Volgens de adviseurs van PwC is hier een taak voor de rijksoverheid weggelegd. Tezel: ‘het subsidiestelsel kan meer maatwerk bieden aan AEC’s om investeringen in verduurzaming van de grond te krijgen. Andere manieren om het financiële gat in te vullen zijn ook denkbaar. Gemeenten kunnen bijvoorbeeld duurzaamheid als voorwaarde stellen bij de gemeentelijke aanbestedingen. In dit geval zullen de inwoners van de gemeente wel voor de extra kosten van de verduurzaming moeten betalen.’

CO2-reductie en niet ‘heffen’ als doel

De invoering van CO2-beprijzing in de afvalsector is een belangrijke stap richting een duurzamere toekomst. De stijgende kosten van CO2-emissies zullen de sector dwingen om te verduurzamen, maar brengen ook aanzienlijke financiële uitdagingen met zich mee. Gemeenten en overheden spelen een cruciale rol in het faciliteren van deze transitie door beleid, subsidies en bewustwording. Tezel: ‘Wat we met zijn allen goed in het achterhoofd moeten houden is dat een CO2-heffing geen doel op zich is, maar een middel om CO2-reductie voor elkaar te krijgen. Uiteindelijk gaat het erom dat we een balans weten te vinden in de prikkels die we afvalbedrijven geven om verduurzaming daadwerkelijk voor elkaar te krijgen.’

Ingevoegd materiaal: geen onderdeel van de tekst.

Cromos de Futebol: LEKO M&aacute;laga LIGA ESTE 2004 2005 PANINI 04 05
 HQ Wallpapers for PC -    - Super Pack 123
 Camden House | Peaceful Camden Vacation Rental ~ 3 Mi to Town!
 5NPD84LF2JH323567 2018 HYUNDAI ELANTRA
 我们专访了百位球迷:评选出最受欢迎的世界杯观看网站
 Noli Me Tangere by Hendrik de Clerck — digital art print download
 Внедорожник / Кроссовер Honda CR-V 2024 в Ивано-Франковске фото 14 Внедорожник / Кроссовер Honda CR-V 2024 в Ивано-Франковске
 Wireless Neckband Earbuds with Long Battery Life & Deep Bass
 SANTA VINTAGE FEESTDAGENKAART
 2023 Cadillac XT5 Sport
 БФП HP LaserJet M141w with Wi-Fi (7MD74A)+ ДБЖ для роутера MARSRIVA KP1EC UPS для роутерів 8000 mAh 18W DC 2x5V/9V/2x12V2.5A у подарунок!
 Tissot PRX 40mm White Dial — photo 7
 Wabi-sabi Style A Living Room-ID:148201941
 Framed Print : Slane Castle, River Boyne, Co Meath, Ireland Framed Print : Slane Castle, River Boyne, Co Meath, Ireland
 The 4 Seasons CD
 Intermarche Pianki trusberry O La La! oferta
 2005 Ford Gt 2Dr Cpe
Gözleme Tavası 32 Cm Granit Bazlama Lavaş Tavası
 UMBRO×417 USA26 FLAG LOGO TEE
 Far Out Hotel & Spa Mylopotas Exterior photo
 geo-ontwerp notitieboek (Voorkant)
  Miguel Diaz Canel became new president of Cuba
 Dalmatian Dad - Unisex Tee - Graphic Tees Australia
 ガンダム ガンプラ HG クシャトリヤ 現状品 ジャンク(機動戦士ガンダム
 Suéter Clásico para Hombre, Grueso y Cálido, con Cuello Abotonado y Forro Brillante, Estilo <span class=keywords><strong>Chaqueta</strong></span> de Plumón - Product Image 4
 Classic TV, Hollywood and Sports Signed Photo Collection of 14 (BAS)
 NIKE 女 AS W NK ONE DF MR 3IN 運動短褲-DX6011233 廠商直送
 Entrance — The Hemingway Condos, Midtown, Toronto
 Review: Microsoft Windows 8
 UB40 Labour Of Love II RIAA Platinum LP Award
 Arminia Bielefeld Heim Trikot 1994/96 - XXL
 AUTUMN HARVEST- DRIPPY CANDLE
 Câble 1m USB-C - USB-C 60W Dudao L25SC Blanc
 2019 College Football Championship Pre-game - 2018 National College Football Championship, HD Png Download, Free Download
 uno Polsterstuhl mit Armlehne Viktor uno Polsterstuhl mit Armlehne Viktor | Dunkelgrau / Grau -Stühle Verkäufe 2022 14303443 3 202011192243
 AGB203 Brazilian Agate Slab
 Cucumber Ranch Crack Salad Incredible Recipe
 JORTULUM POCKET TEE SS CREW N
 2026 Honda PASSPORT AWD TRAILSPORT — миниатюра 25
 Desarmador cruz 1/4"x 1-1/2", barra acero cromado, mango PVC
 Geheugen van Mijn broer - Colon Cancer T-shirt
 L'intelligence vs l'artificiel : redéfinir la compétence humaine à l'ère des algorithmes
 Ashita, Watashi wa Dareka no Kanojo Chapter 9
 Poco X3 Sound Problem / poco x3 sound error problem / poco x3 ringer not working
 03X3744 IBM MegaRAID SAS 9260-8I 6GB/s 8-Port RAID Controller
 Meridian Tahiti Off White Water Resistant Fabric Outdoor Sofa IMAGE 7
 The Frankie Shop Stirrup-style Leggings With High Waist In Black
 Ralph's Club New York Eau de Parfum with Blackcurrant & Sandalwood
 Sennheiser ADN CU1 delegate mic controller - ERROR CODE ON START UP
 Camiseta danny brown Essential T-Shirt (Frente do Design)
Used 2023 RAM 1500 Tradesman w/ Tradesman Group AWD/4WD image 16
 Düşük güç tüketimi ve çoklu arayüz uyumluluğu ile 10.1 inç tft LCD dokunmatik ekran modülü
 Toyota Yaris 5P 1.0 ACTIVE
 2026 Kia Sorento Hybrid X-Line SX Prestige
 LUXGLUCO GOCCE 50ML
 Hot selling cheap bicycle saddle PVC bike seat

De sector bereidt zich voor op de ontwikkelingen op gebied van beprijzing

Het is duidelijk dat de CO2-beprijzing die de afvalsector te wachten staat flinke gevolgen heeft voor de AEC’s, gemeenten en hun inwoners. Nillesen: ‘Wij staan zowel afvalbedrijven als beleidsmakers hierin bij. Bijvoorbeeld: hoe verfijn je bijvoorbeeld een subsidiemechaniek? En waar lopen de afvalbedrijven nou precies tegenaan? Wat zijn hun strategische opties en welke kansen en risico’s gaan hiermee gepaard. Wat betekent dit voor hun financiële businesscase? We helpen ze bijvoorbeeld ook met subsidieaanvragen.’